■ **Source material**
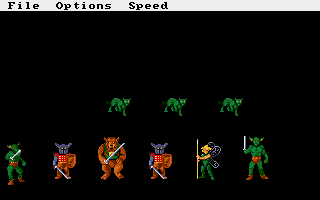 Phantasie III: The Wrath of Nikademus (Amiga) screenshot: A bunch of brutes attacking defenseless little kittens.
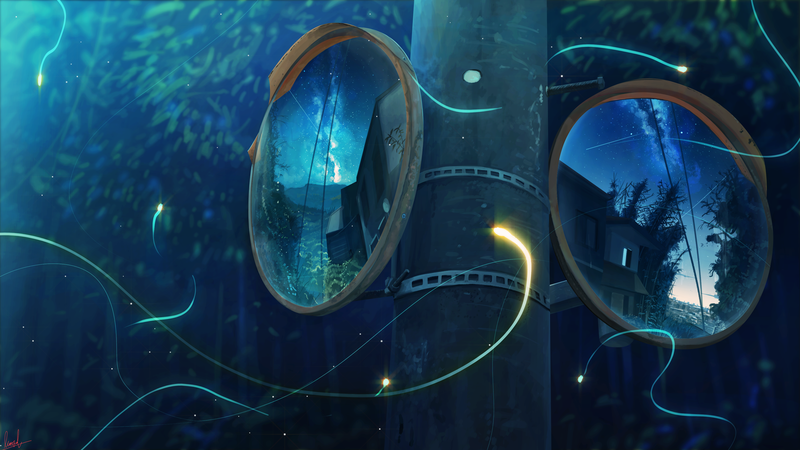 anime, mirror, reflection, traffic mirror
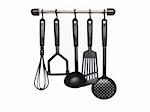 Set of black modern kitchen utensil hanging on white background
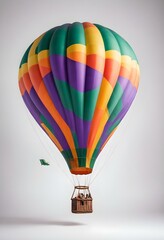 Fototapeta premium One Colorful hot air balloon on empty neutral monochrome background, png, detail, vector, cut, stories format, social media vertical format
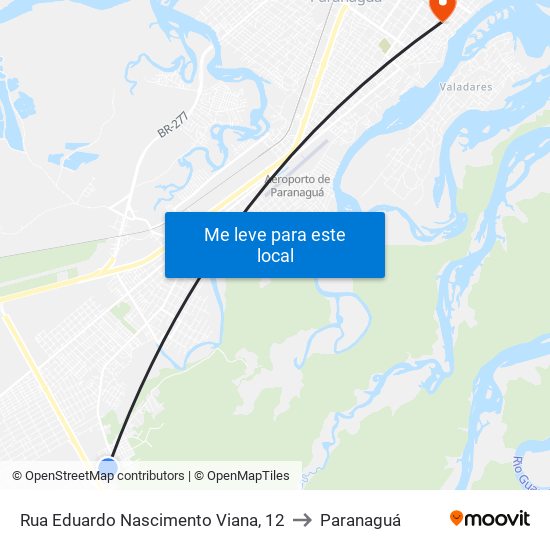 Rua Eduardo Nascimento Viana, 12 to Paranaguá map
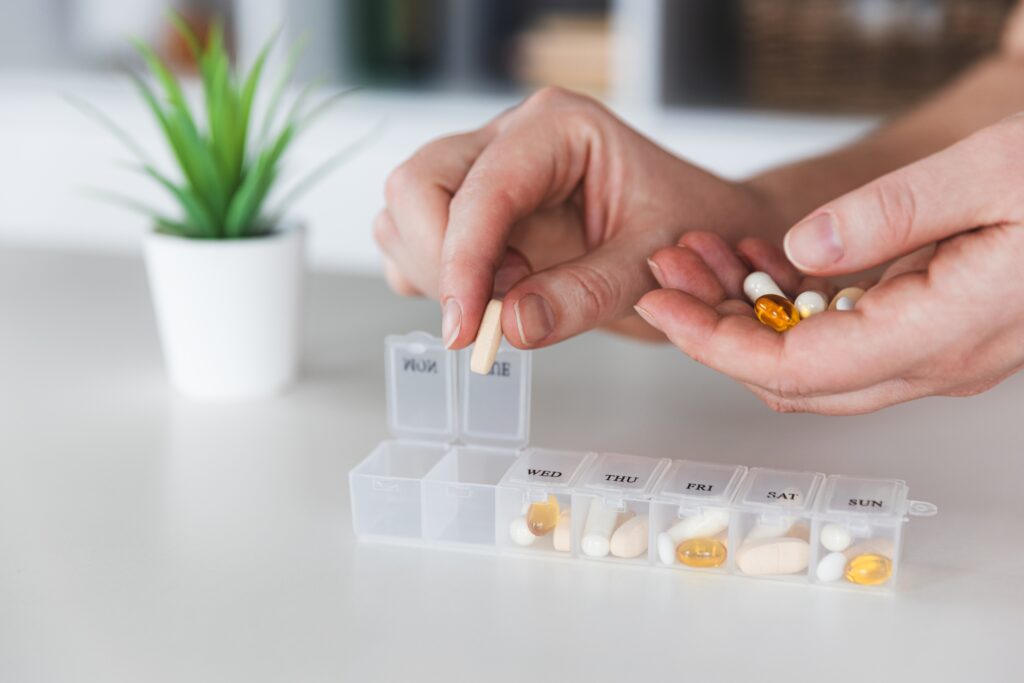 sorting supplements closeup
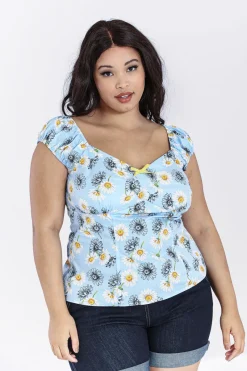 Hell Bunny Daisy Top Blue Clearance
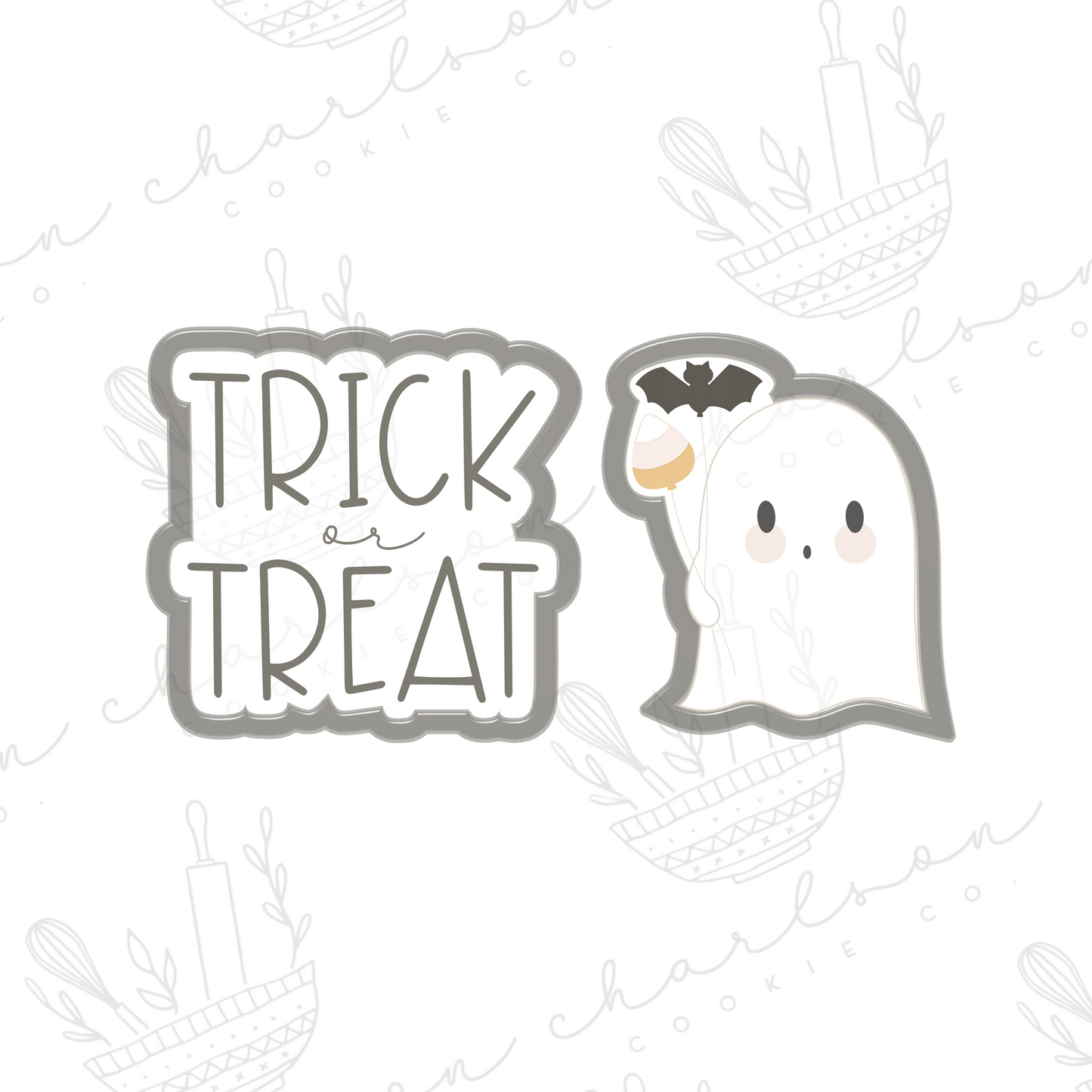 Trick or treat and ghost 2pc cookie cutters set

■ **What you are asked to do**
Your answer should consist solely of the lines from the line with "Hell Bunny Daisy Top Blue Clearance" to the final line of the listing, set down word for word, pictures omitted.

■ **Result of the exercise**
 Hell Bunny Daisy Top Blue Clearance
 Trick or treat and ghost 2pc cookie cutters set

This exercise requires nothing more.